Григорий растерянно посмотрел на кольцо.

— Перстень… А что? Имею право… Не понимаю, господа полицейские, за что вы меня схватили и какое дело мне сейчас пришить пытаетесь, — решил перейти в самое наглое наступление задержанный.

Фон Штайндлер оглядел присутствующих, как бы приглашая повнимательнее взглянуть на этого удивительного фрукта.

— Задержали мы вас, господин Капай, — начал он почти нежно, — по подозрению в убийстве вашей сообщницы Соломко Галины Григорьевны.

Надменный вид мгновенно слетел с Гришки, он с испугом обвел взглядом обступивших его чинов полиции.

— И отпечаток вашего перстня вполне отчетливо запечатлелся на щеке потерпевшей в момент, когда вы со всей дури двинули ей кулаком по роже! — докончил обвинение старший помощник пристава.

— Я не убивал, — прошептал Капай. — Я сразу ушел, как сеанс закончился… — Его глаза забегали, губы задрожали. — Понятия не имею, кто ее в доску спустил.

— Так-то и ушел? — насмешливо отозвался фон Штайндлер. — Чего это вдруг заторопился?

Григорий помолчал, обдумывая, как получше объяснить.

— Почуял я… — начал он. — Галя собиралась с этим индусом атанду метать,[62] я не хотел.

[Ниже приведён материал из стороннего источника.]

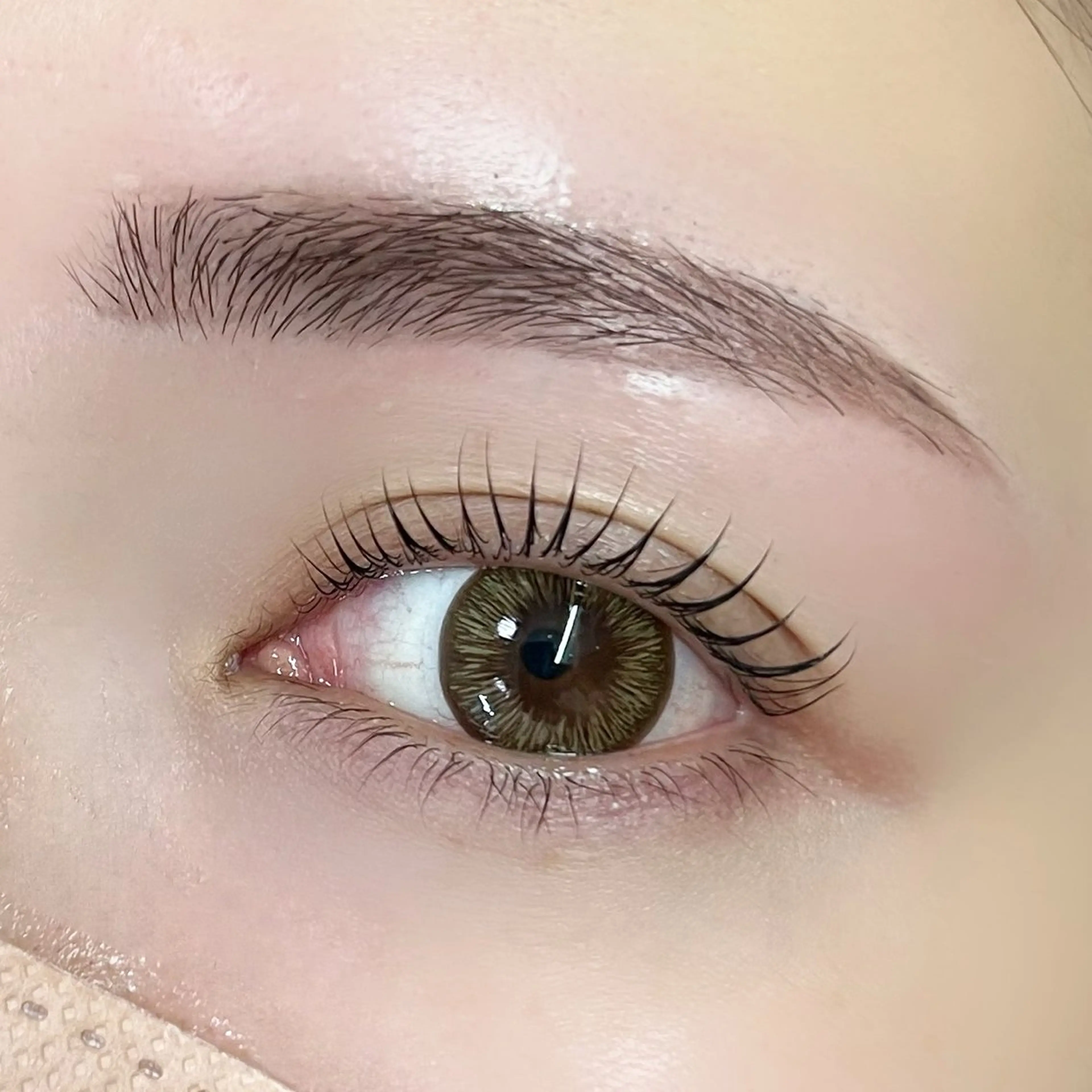 マツエク・マツパ マツパ ∞ottantotto∞島田店所属・オオハシ ミナミのマツエク・マツパデザイン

Решил выйти из дела от греха.

— Почему?

— Опасный он человек.

— Ты ж говорил, что не видел его, — хмыкнул Африканов.

— Он приходил навроде гостя, сидел на сеансе. Опоздал, правда… А потом они с Галей шептались. Я догадался.

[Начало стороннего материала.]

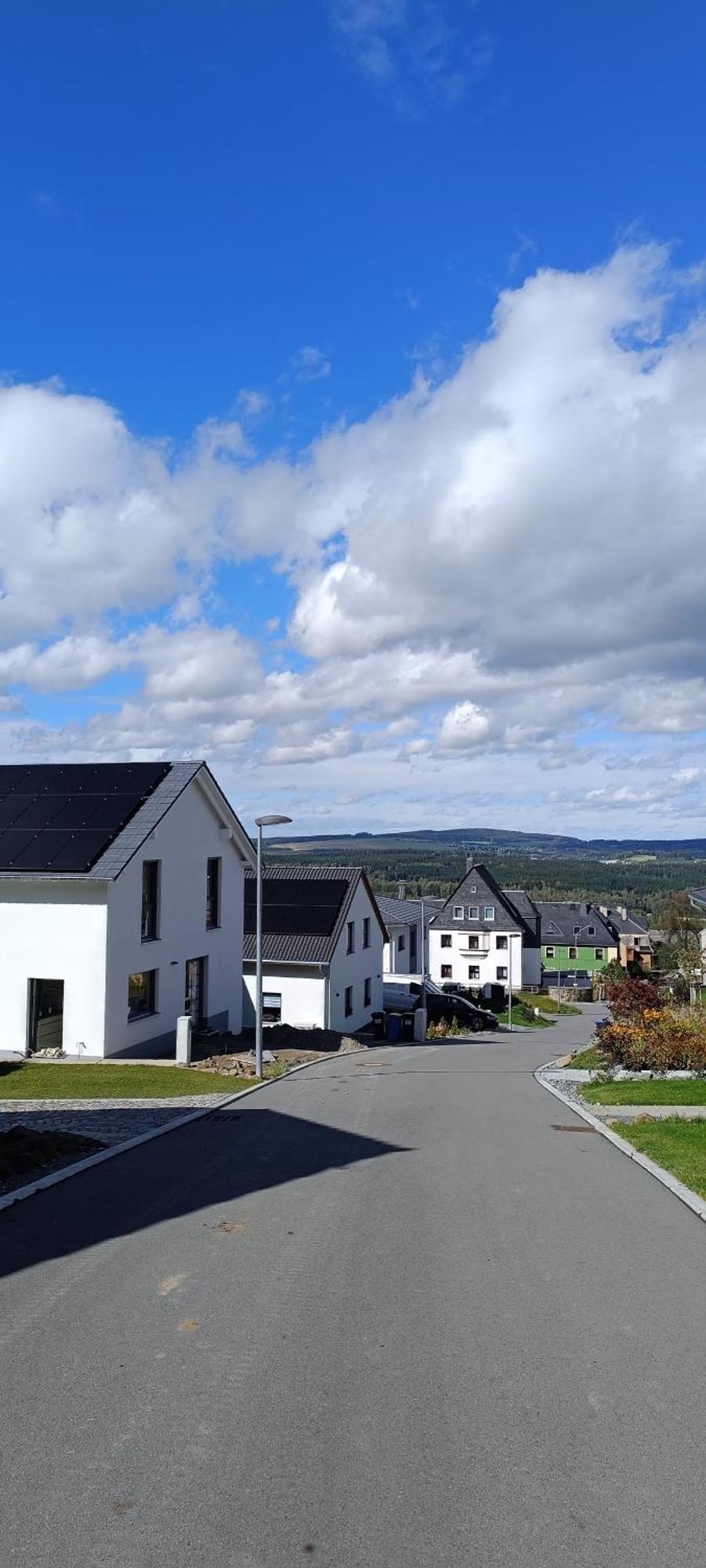 Appartement Bergzauber Scheibenberg Eksteriør bilde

— Что ж в нем опасного было?

— Лейгер[63] он. Взгляд лейгера, — пояснил Григорий; было видно, что воспоминания вызвали в нем приступ страха, он еле сдерживал дрожь. — Такому не перечь. Не послушалась Галя…

— А что случилось с Бугровым? — спросил Ардов.

— Который это?

Илья Алексеевич выложил фотокарточку, полученную в канцелярии обер-полицмейстера.

Андрей Белянин

— Этот лишку перебрал, пьяный был. Почитай, сразу заснул. Я его за ширмы утащил, уложил там.

— А студента кто полоснул? — со своей стороны насел Африканов.

Бесогон на взводе!

— А профессора Горского? — не удержался и Спасский, который все это время сдерживался из последних сил.

— Э нет, господа фараоны, — поднял руки Капай. — Вы бросайте всех своих жмуров на меня вешать. Я по мокрому не хожу, о чем там у Дудки был уговор с вашим индусом — знать не знаю, не ведаю; мое дело — «дулька у гульки»: почту собрать, колокольцы тряхнуть, стол крутануть. За это пусть судья судит. А чужой грех на душу не возьму.

Глава 40

Тур-де-тет

После вокзала околоточный надзиратель Свинцов отправился на поиски каретного извозчика Кузьмы Ярина, на которого в прошлый четверг приходила жаловаться в участок мадам Полыванова. Фамилию хозяина экипажа письмоводитель Спасский выяснил в городской управе, где хранились списки выданных номеров, а адрес из толстой пыльной книги извлек Облаухов.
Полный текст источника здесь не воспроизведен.